Don't optimize prematurely[edit | edit source]

Consider what overall impact the execution of your code will have. There's no point in saving a few instructions if you are going to spend several seconds reading/writing flash memory. If your code will only be executed when the user is changes a setting in a menu, a few instructions more or less will make no difference.

Optimize for size unless you really need speed[edit | edit source]

CHDK operates in very limited memory. This means that limiting the compiled code and static data sizes is frequently more important than execution speed.

See CHDK Coding Guidelines for general recommendations regarding memory use.

Optimizing for speed[edit | edit source]

What follows are general guidelines. If you optimize, you should always verify your optimization with actual testing. If you are trying to optimize C code, check the assembler output.

  • Optimize your algorithms first.
  • The first four function parameters are passed in registers, so functions with four or less parameters are very cheap.
  • Use full words rather than bytes or half-words when operating on bulk data.
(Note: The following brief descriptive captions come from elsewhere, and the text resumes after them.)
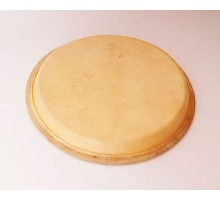 Sonor 90549904 Champion CHHT 1250 Кожа для конги 12,5''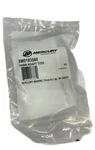 Mercury Harness Adapter Tool 8M0193580. Fixed Price $16.16.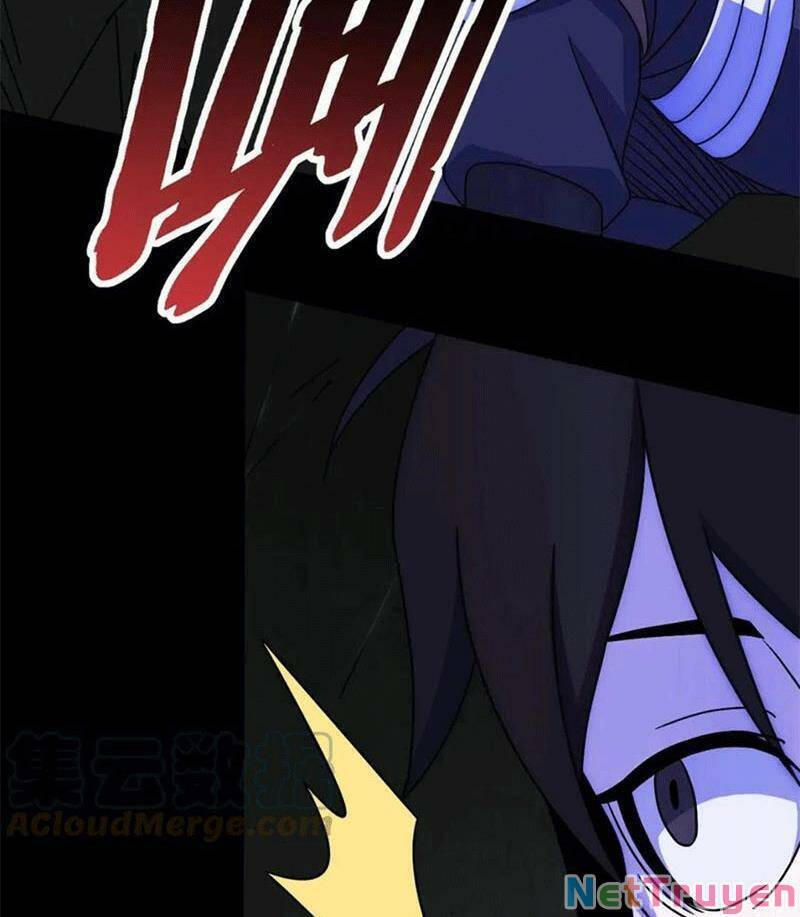 Mạt Thế Đạo Tặc Hành Chapter 102 - Trang 2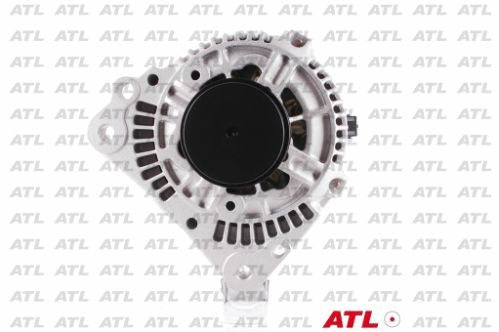 Alternateur ATL Autotechnik L 46 010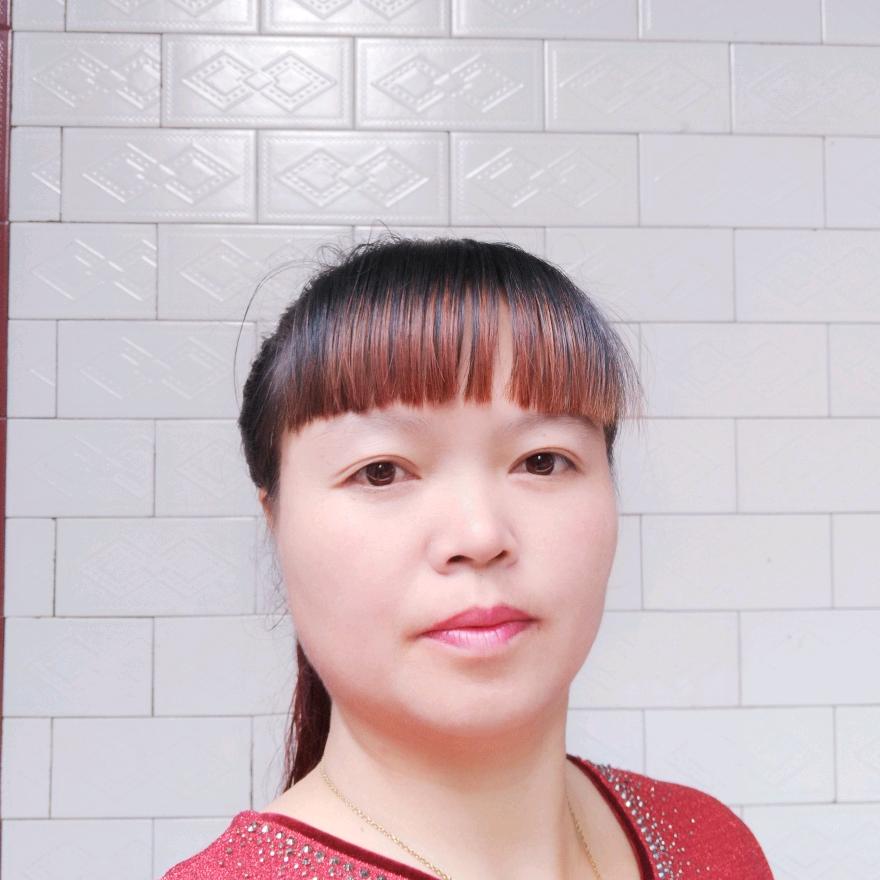 美好的生活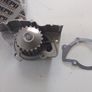 Fiat/Citroen/Peugeot Water Pump. Image 2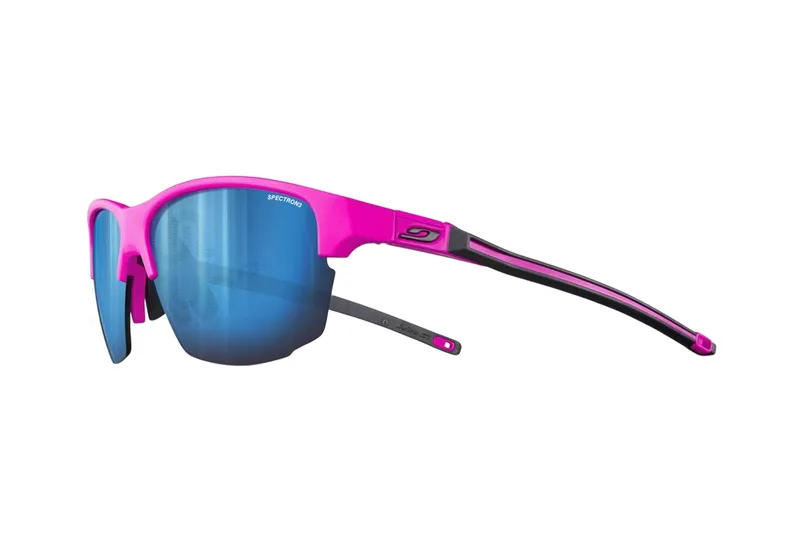 Julbo Julbo Split Spectron 3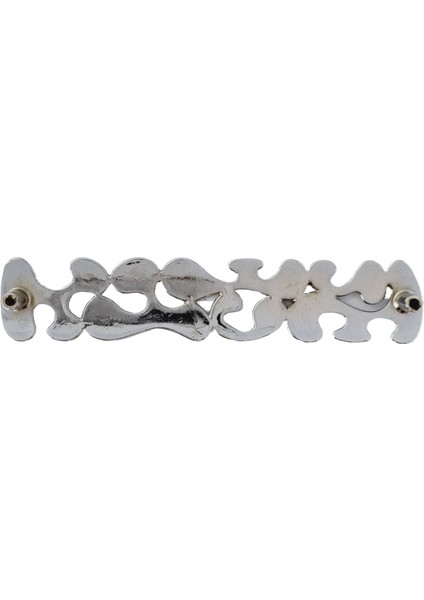 Yağmur Krom 160 mm Kulp ( 10 Adet ) fırsatları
Even if you need to access individual bytes, it is frequently faster to load full words, and then manipulate the individual bytes in registers, many of those techniques are based in SIMD and SWAR, they can magically improve performance when correctly applied.
  • Avoid memory access. A few more instructions that operating directly on registers may be faster than less instructions with more memory accesses.
  • Interleave memory access and calculation. This is only relevant in assembler, since GCC will re-order things as it sees fit.
  • Use the multiple register forms of load and store (LDM/STM). GCC isn't smart about this, so re-writing memory intensive code in assembler can result in significant gains. Multiple loads are pipelined, so the lowest register will be available in roughly the same time as single load.
  • Avoid using division or modulo, since they are done in software.
  • Operations on small constants or values that can be generated by shifting a small constant do not require an additional memory access. GCC tries to do this, but can do a poor job in many circumstances. Using constants that are powers of two, or otherwise expressible as a shift of a small constant (ARM allows only those that can be expressed by shifting a 1byte constant) results in code that is both faster and smaller.
  • Multiplications that can be expressed as a short sequences of shifts and adds are cheap.
  • Shifts are extremely cheap. As said above, when multiplying by constants shifts and adds might be used, GCC tries to do this, sometimes you're not multiplying by constants but shift can be applied as well. You can check SIMD and SWAR techniques above, some of them provide clever uses for shifts that might improve code size and speed.
  • Optimize for cache use. All CHDK supported cameras tested so far have independent 8KB or 32KB (on Digic 5) caches for data and instructions.
  • Unroll short loops - with max 8 items. Note that unrolling large, complicated loops conflicts with the goal of optimizing for size. For bulk data processing, unrolling fits naturally with using LDM.
  • try to use as much DECREASING loops as you can. (?)
  • When optimizing for speed make sure you take into account the effects of using thumb code.
  • ARM Arch Reference manual is an excellent place to find how long an instruction takes to execute, this information is very useful when you would like to interleave memory accesses with other operations.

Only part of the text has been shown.